- Provided records -
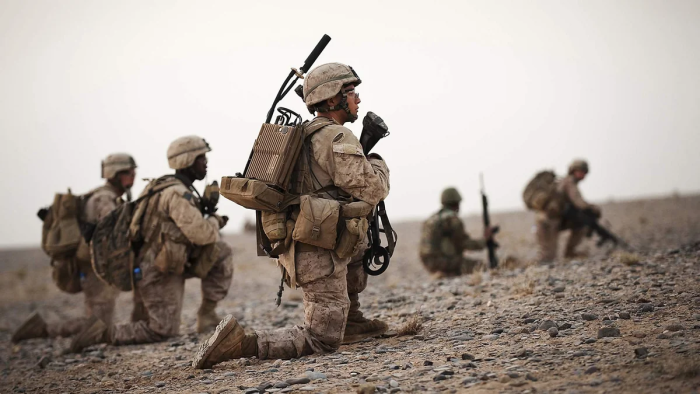 Пентагон Эронга қарши операция давомида 415 нафар аскар яраланганини маълум қилди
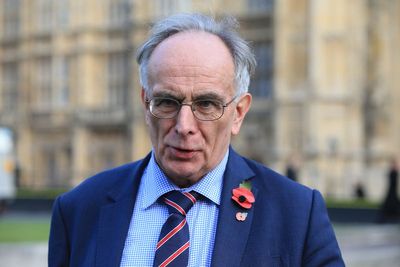 Tory minister spotted out campaigning with suspended MP Peter Bone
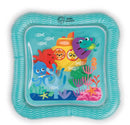 Sensory Splash Water Mat - Tummy Time Play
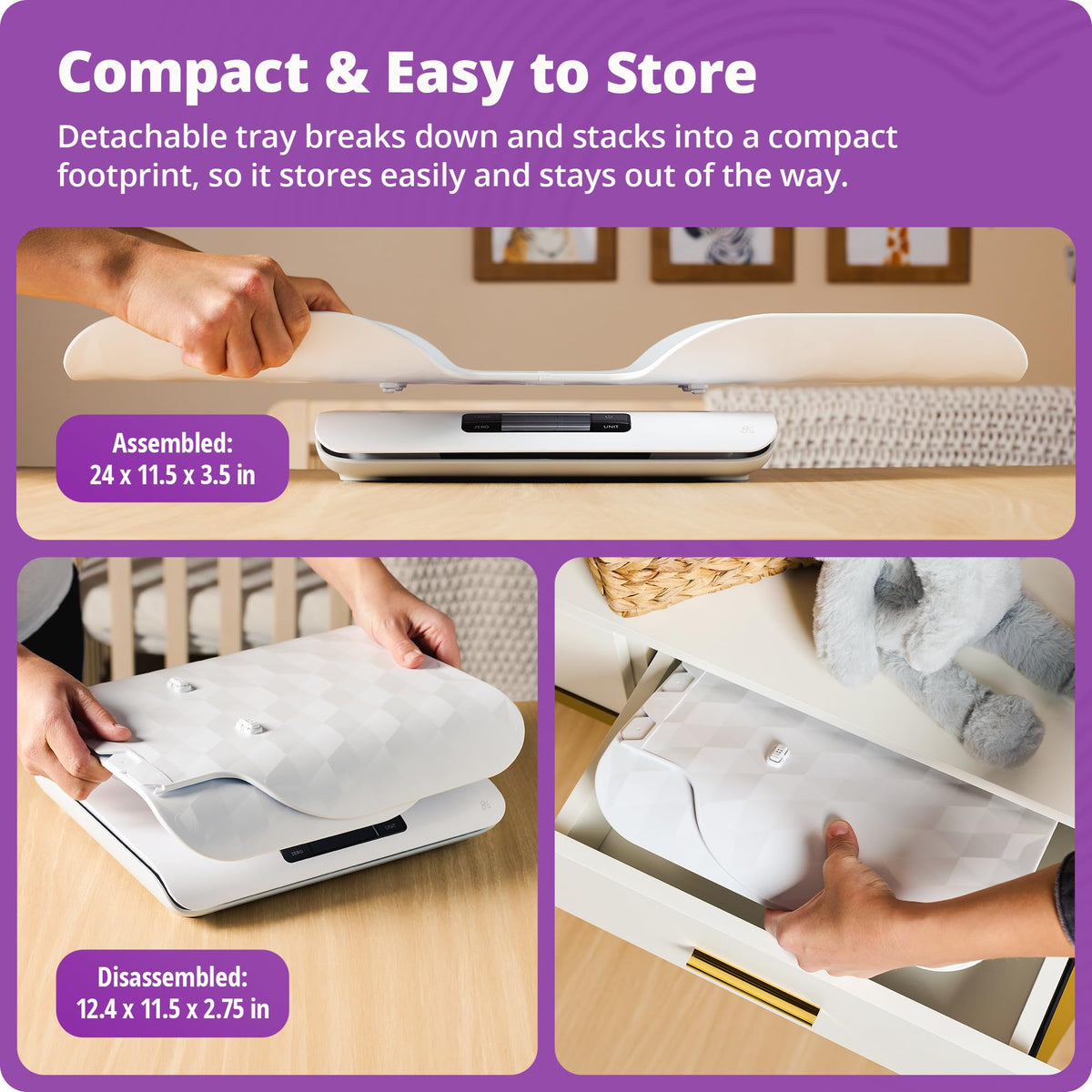 Smart Baby Scale C296725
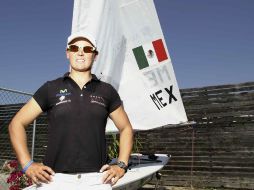 Tanía Elías dice adiós luego de grandes logros en su carrera deportiva. MEXSPORT /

- Work request -
Without any pictures, please reproduce the full set of entries.

- Response to the task -
 Пентагон Эронга қарши операция давомида 415 нафар аскар яраланганини маълум қилди
 Tory minister spotted out campaigning with suspended MP Peter Bone
 Sensory Splash Water Mat - Tummy Time Play
 Smart Baby Scale C296725
 Tanía Elías dice adiós luego de grandes logros en su carrera deportiva. MEXSPORT /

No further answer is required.